____ Source data

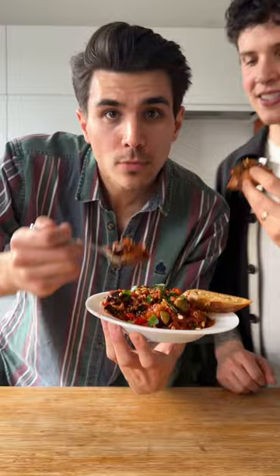Let's take a bite. Oh! Come on! That's so good.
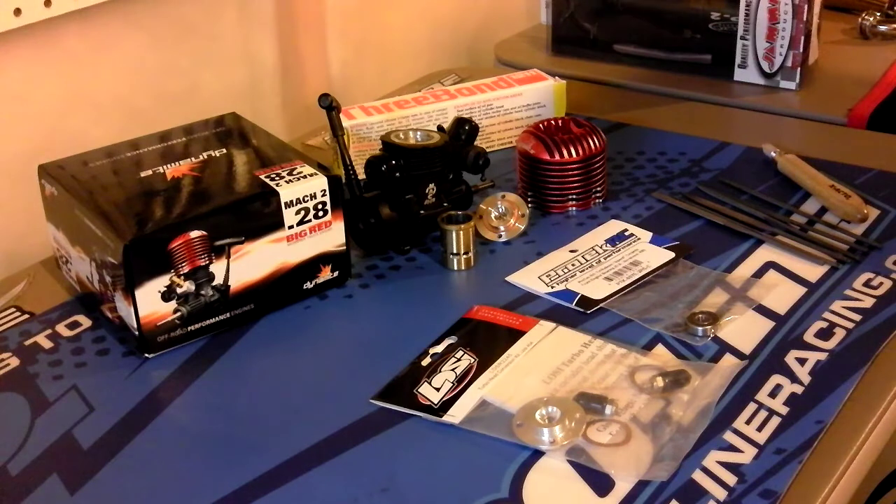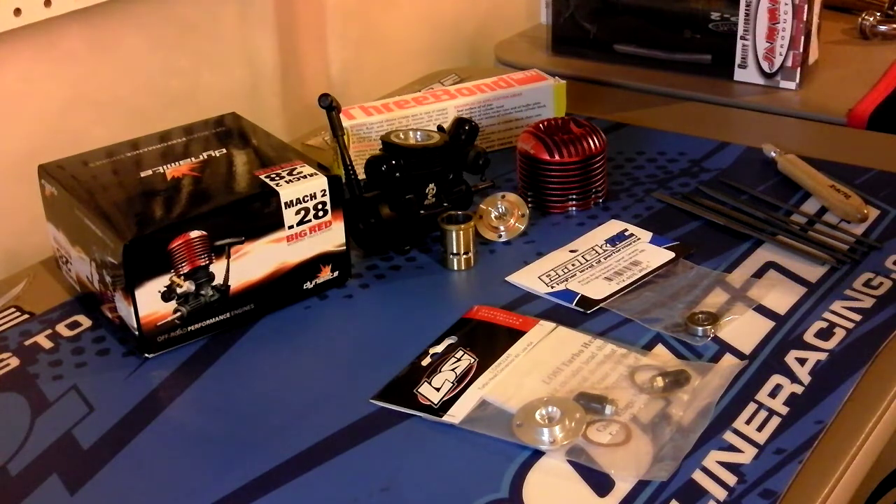Hey everyone, it's Keith Nitro with the DM1 spec project. I'm going to start off with the engine using the Dynamite mock tube 0.28, the Big Red. It's a brand new engine I have laying around here, so I'm going to use it for this project.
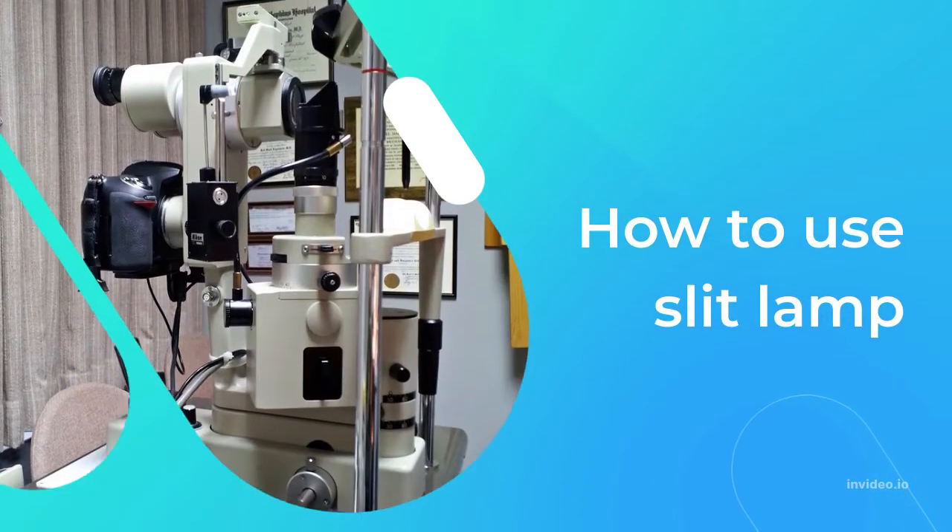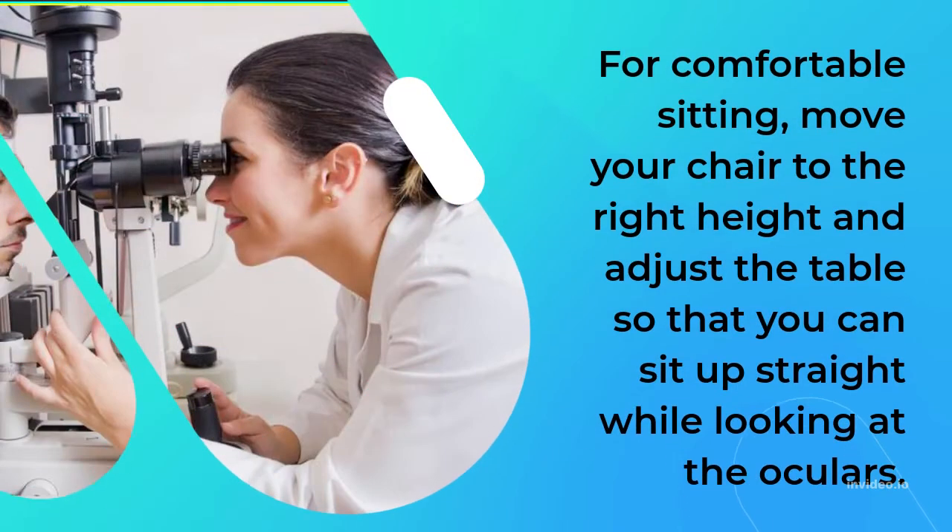For comfortable sitting, move your chair to the right height and adjust the table so that you can sit up straight while looking at the oculars.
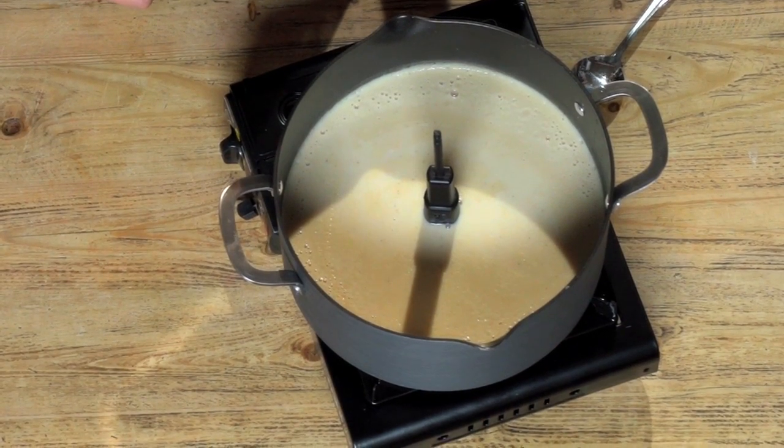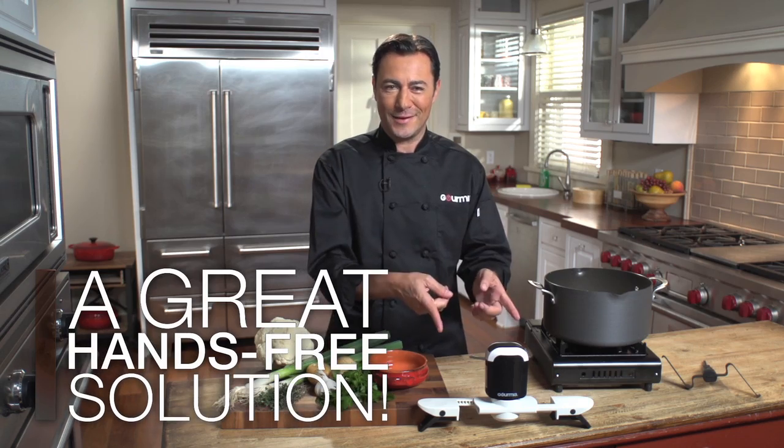I'm cooking a multi-course meal for a special family occasion, but I don't have all day. The first course is a wonderful cream soup that requires tending while it simmers, because any burning on the bottom will affect that delicate flavour I'm looking for. Usually I'd be stuck at the stove stirring constantly for 20 to 30 minutes — unless I had this little wonder.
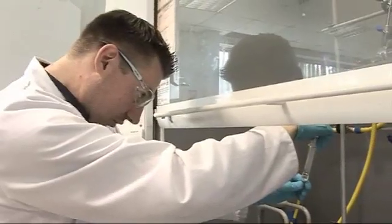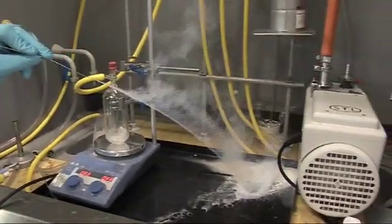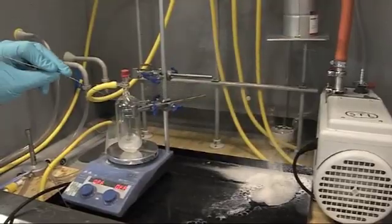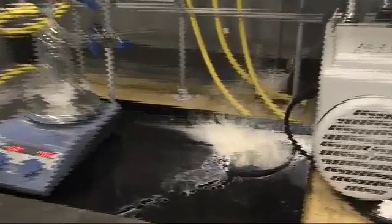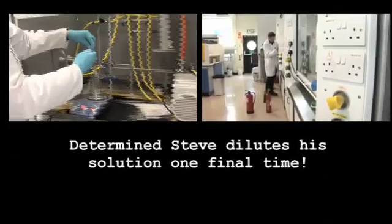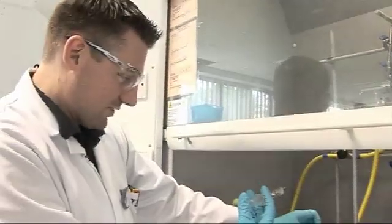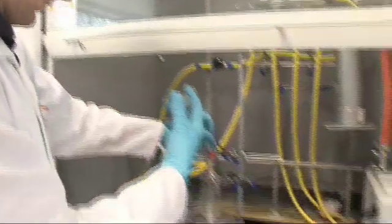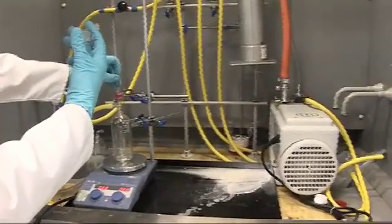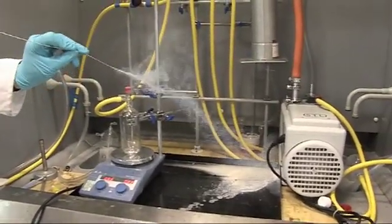It doesn't feel any more dilute, which is slightly worrying. This is after hopefully getting rid of all of the hexane solvent. We'll now see if we can get this blue flame that I've been promised in textbooks. So here we go... Nope.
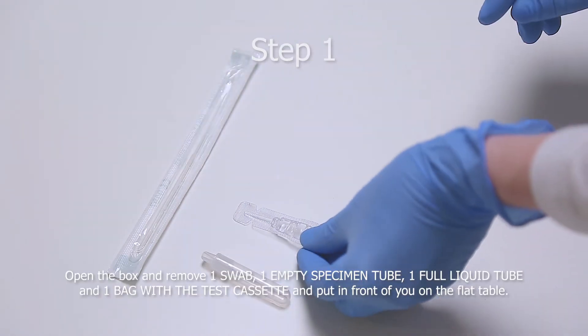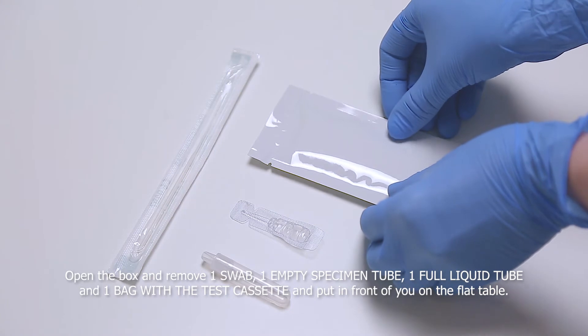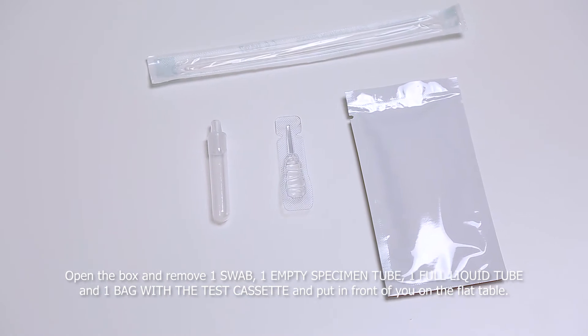Step 1. Open the box and remove one swab, one empty specimen tube, one full liquid tube, and one bag with a test cassette and put in front of you on the flat table.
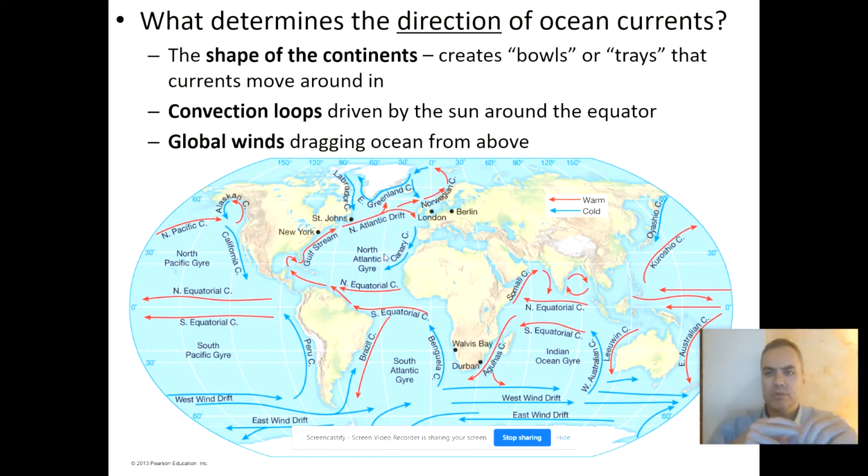A second factor that determines the direction of ocean currents is convection loops — simply the heat-driven cycles. Water that warms up around the equator expands and wants to move out toward the poles. When it gets to the polar regions, it's losing heat along the way. The polar regions get much less sunlight, and ice falling into the oceans chills them further. So the current comes back on the other side cold — warm water moving away from the tropics, cold currents coming back.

________

→ Work request: The output is the stretch above from the line with "Hey everyone, it's" through the line with "It doesn't feel", copied word for word with both ends kept and every picture dropped.

→ Answer to this exercise:
Hey everyone, it's Keith Nitro with the DM1 spec project. I'm going to start off with the engine using the Dynamite mock tube 0.28, the Big Red. It's a brand new engine I have laying around here, so I'm going to use it for this project.
For comfortable sitting, move your chair to the right height and adjust the table so that you can sit up straight while looking at the oculars.
I'm cooking a multi-course meal for a special family occasion, but I don't have all day. The first course is a wonderful cream soup that requires tending while it simmers, because any burning on the bottom will affect that delicate flavour I'm looking for. Usually I'd be stuck at the stove stirring constantly for 20 to 30 minutes — unless I had this little wonder.
It doesn't feel any more dilute, which is slightly worrying. This is after hopefully getting rid of all of the hexane solvent. We'll now see if we can get this blue flame that I've been promised in textbooks. So here we go... Nope.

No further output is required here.